WORK ORDER:
Print the whole listing again exactly, keeping no pictures in it.

DATA SHOWN:
::::

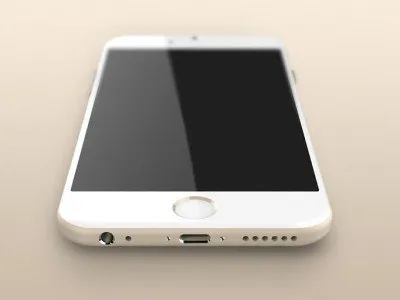 Apple iPhone 6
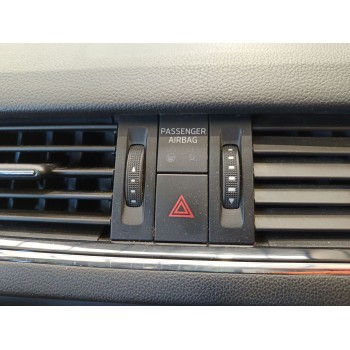WARNING 5E0953507EWDI 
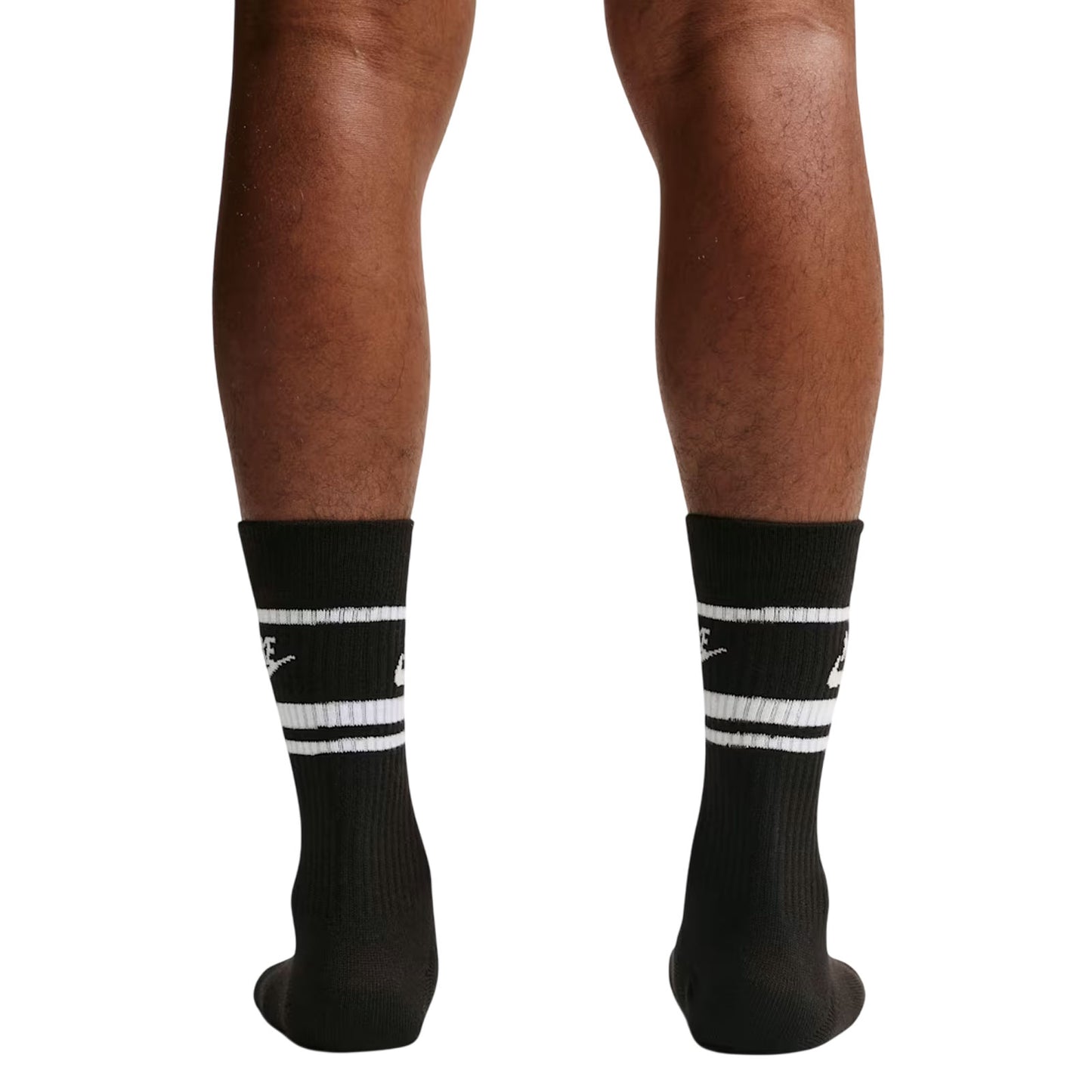 Nike Unisex Dri-FIT Everyday Essential Crew Socks (3 Pairs)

::::

EXPECTED ANSWER:
 Apple iPhone 6
WARNING 5E0953507EWDI 
 Nike Unisex Dri-FIT Everyday Essential Crew Socks (3 Pairs)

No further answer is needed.